§ How to complete this task:
Begin with the first line below and retype each line exactly through the line containing "3-к. квартира, 60 м², 1/5 эт.". Any pictures are to be left out.

§ Items from a dataset:
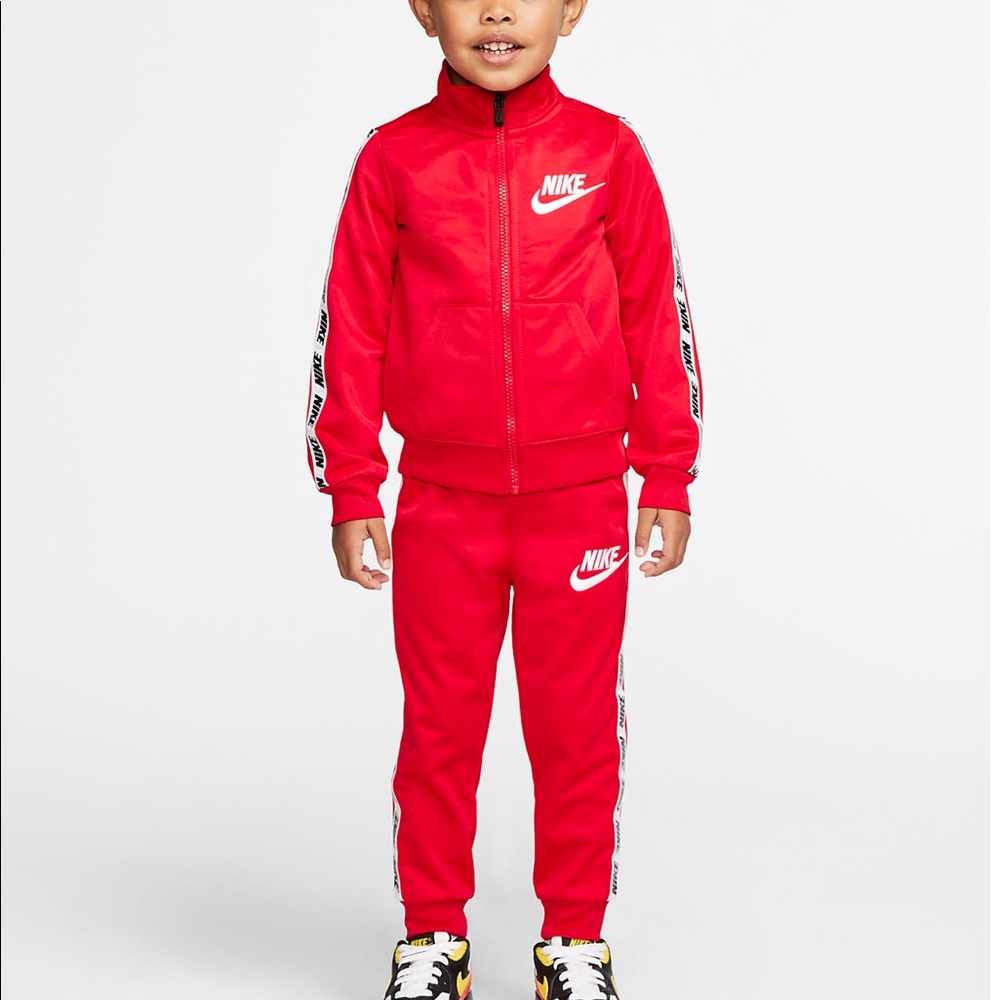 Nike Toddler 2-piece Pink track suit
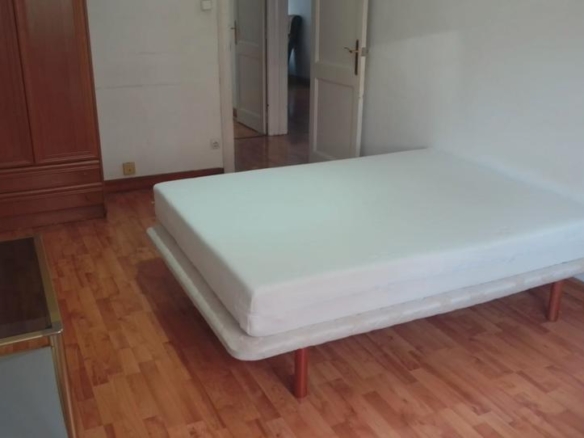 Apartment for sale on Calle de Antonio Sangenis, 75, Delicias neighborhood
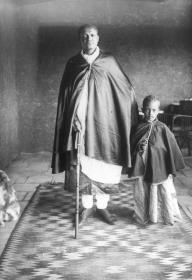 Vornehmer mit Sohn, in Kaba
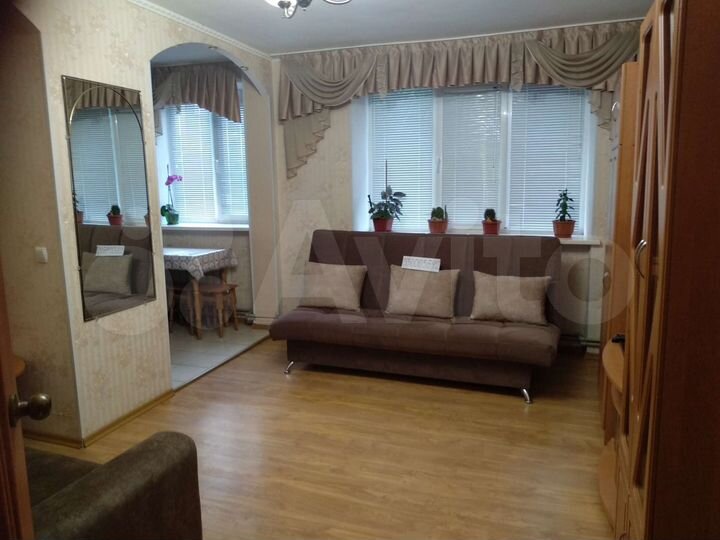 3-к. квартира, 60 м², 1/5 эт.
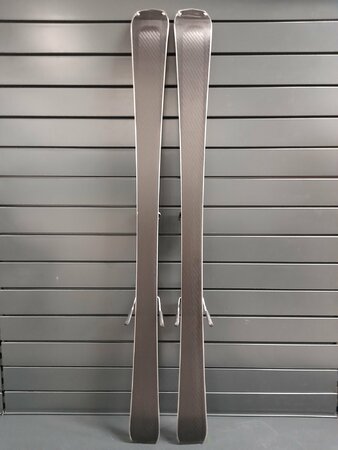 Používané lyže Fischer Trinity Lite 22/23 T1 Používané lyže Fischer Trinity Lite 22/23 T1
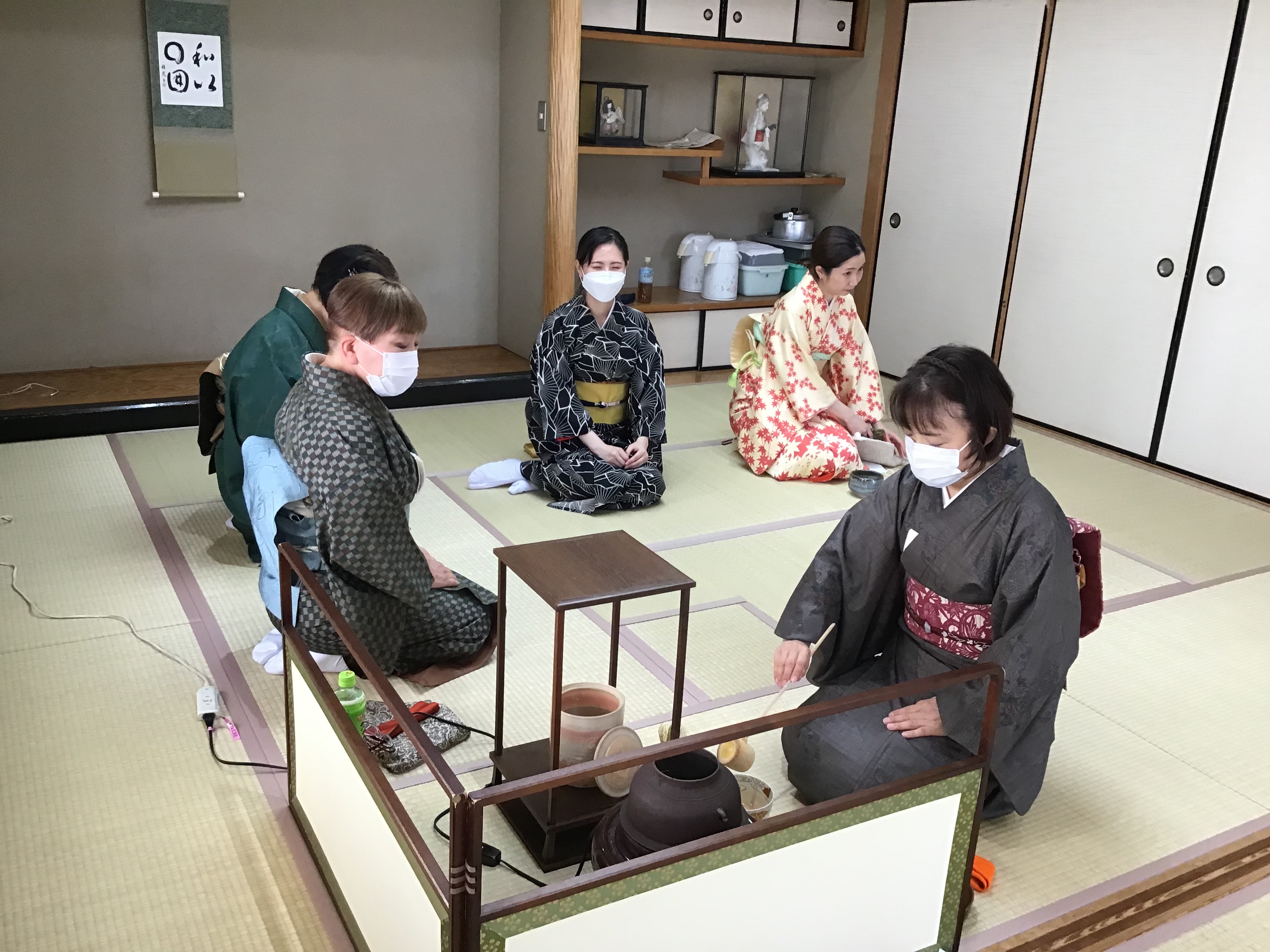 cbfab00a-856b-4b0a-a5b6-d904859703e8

§ Result:
 Nike Toddler 2-piece Pink track suit
 Apartment for sale on Calle de Antonio Sangenis, 75, Delicias neighborhood
 Vornehmer mit Sohn, in Kaba
 3-к. квартира, 60 м², 1/5 эт.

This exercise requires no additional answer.